▶ [TASK DESCRIPTION]
Could you repeat the listing below exactly while leaving its pictures behind?

▶ [DATA BELOW]
____

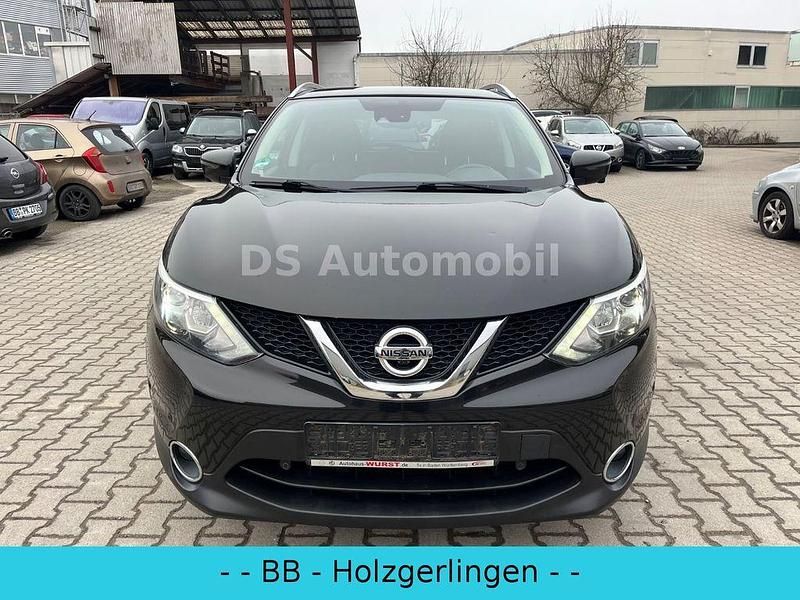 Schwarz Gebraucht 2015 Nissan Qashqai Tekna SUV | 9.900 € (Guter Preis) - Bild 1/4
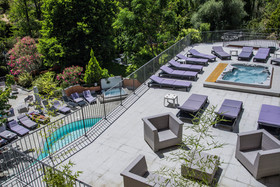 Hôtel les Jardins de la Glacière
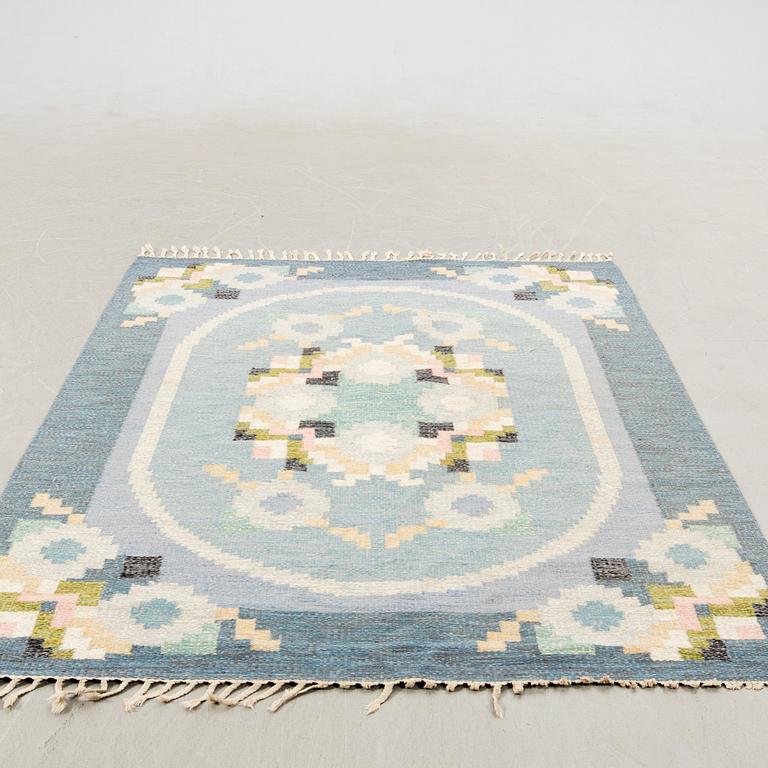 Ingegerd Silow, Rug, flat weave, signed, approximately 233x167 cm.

____

▶ [RESULT]
 Schwarz Gebraucht 2015 Nissan Qashqai Tekna SUV | 9.900 € (Guter Preis) - Bild 1/4
 Hôtel les Jardins de la Glacière
 Ingegerd Silow, Rug, flat weave, signed, approximately 233x167 cm.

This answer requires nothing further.